Cherrapunji, India has a problem with rainfall. The winter is dry, very dry, and most of the plants have had to adapt to drought-like conditions. But the rest of the year more than makes up for it. Nearly forty feet of rain fall on Cherrapunji every year, making it the second wettest place on Earth – only it’s neighboring state Mawsynram has a higher average downpour. The constant rain makes Cherrapunji’s mountain streams turn from creekbeds to raging torrents every year.
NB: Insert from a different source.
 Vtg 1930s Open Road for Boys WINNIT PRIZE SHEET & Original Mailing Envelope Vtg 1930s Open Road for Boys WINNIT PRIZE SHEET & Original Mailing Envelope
These hillsides are covered in life adapted to this constant stress, including it’s people. The War-Khasis are the residents here, a matrilineal set of tribes. Agriculture is hard due to constant erosion. Travel is difficult too – anyone who’s had to cross a strong river knows how dangerous it can be. The rivers are a constant barrier. But instead of giving up or relying on expensive artificial bridges of steel and concrete, the War-Khasis have found a unique solution.

As you can see in the video, one of the local trees, Ficus elastica, anchors itself against the force of the rivers with hundreds of strong, grasping roots. It’s these roots than the War-Khasis use to create their bridges, turning trees into highways. The bridges are immensely strong, easily taking the weight of dozens of people and they only get stronger every year. One particular tree even supports a double-decker bridge.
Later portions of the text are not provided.